Another key player in understanding imperfect competition is Joan Robinson, who published her book "The Economics of Imperfect Competition" the same year Chamberlain published his. While Chamberlain focused much of his work on product development, Robinson focused heavily on price formation and discrimination (Sandmo,303.) The act of price discrimination under imperfect competition implies that the seller would sell their goods at different prices depending on the characteristic of the buyer to increase revenue (Robinson,204.) Joan Robinson and Edward Chamberlain came to many of the same conclusions regarding imperfect competition while still adding a bit of their twist to the theory. Despite their similarities or disagreements about who discovered the idea, both were extremely helpful in allowing firms to understand better how to center their goods around the wants of the consumer to achieve the highest amount of revenue possible.

Real markets are never perfect. Those economists who believe in perfect competition as a useful approximation to real markets may classify those as ranging from close-to-perfect to very imperfect. The real estate market is an example of a very imperfect market. In such markets, the theory of the second best proves that if one optimality condition in an economic model cannot be satisfied, it is possible that the next-best solution involves changing other variables away from the values that would otherwise be optimal.

In modern conditions, the theory of perfect competition has been modified from a quantitative assessment of competitors to a more natural atomic balance (equilibrium) in the market. There may be many competitors in the market, but if there is hidden collusion between them, the competition will not be maximally perfect. But if the principle of atomic balance operates in the market, then even between two equal forces perfect competition may arise. If we try to artificially increase the number of competitors and to reduce honest local big business to small size, we will open the way for unscrupulous monopolies from outside.

==Idealizing conditions of perfect competition==
The definition of perfect competition is when the following conditions all hold:

- A large number of sellers and buyers – A large number of consumers with the willingness and ability to buy the product at a certain price, and a large number of producers with the willingness and ability to supply the product at a certain price. As a result, individuals are unable to significantly influence prices. One requirement for this is non-increasing returns to scale (including network effects), ensuring that a monopoly doesn't push out competitors.
- Homogeneous products: The products are perfect substitutes for each other (i.e., the qualities and characteristics of a market good or service do not vary between different suppliers).
- Utility maximizing participants: Rational buyers always attempt to maximize their economic utility and sellers attempt to maximize their profit.
- Perfect information: All consumers and producers know all prices of products and utilities they would get from owning each product.
- Zero transaction costs: Buyers and sellers do not incur costs in making an exchange of goods. This includes no barriers to entry or exit (no sunk costs) and perfect factor mobility where the factors of production are perfectly mobile and costlessly, allowing workers to freely move between firms and other adjustments to changing market conditions.
- No externalities: Costs or benefits of an activity do not affect third parties.

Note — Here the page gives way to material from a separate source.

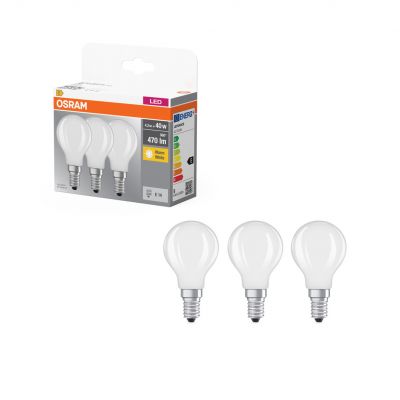 Żarówka LED /3szt./ Kulka E14 4W=40W 470lm 2700K ciepła biel OSRAM (4058075819399)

This criterion also excludes any government intervention.
- Well defined property rights: These determine what may be sold, as well as what rights are conferred on the buyer.

While no real market is perfect, many markets are considered to be near enough to perfect for predictions from economic theory to be reasonably accurate. It has been proven that if the above conditions hold, that every participant will be a price taker and will not have market power to set prices, and all sellers will operate such that their marginal costs equal their marginal revenue.

There are many instances in which there exist "similar" products that are close substitutes (such as butter and margarine), which are relatively easily interchangeable, so that a rise in the price of one good will cause a significant shift to the consumption of the close substitute. If the cost of changing a firm's manufacturing process to produce the substitute is also relatively "immaterial" in relationship to the firm's overall profit and cost, this is sufficient to ensure that an economic situation isn't significantly different from a perfectly competitive economic market.

== Normal profit ==
In a perfect market the sellers operate at zero economic surplus: sellers make a level of return on investment known as normal profits.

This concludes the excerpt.